__Try it__
What you give back should be exactly the lines from the one with "Peeing in my backyard in pov" through the end of the data, without the pictures.

__Entries provided__

==================================================

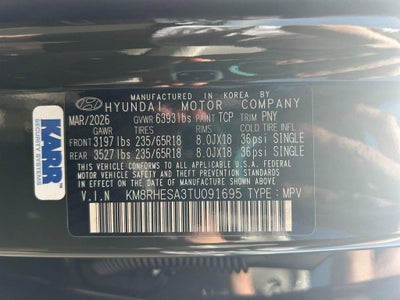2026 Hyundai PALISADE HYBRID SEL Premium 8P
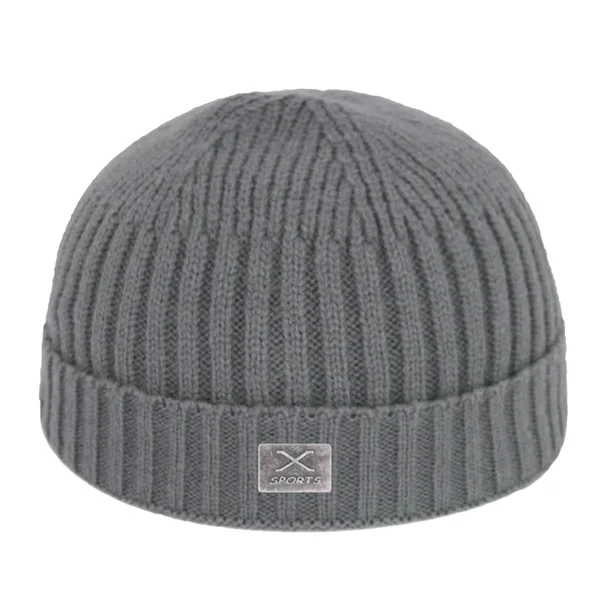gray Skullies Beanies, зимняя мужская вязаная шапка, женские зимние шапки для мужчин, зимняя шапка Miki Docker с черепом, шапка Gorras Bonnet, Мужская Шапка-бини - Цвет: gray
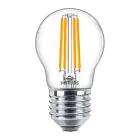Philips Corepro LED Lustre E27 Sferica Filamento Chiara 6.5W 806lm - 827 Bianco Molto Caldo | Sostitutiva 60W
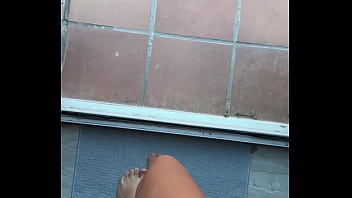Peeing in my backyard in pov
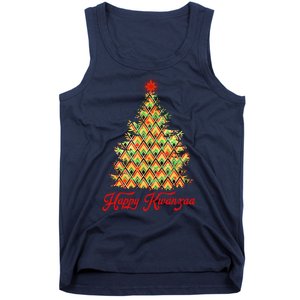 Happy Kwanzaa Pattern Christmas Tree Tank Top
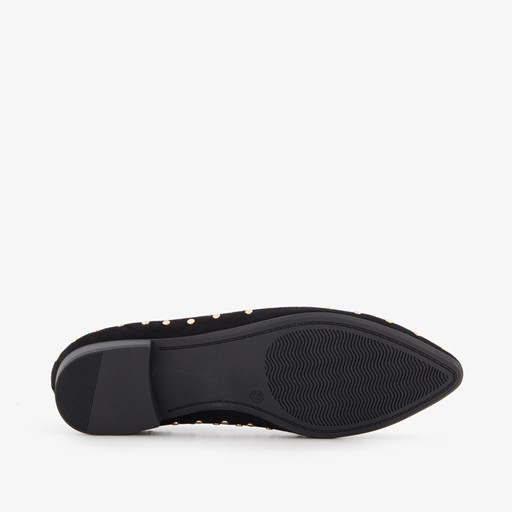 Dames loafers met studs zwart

==================================================

__Your response__
Peeing in my backyard in pov
 Happy Kwanzaa Pattern Christmas Tree Tank Top
 Dames loafers met studs zwart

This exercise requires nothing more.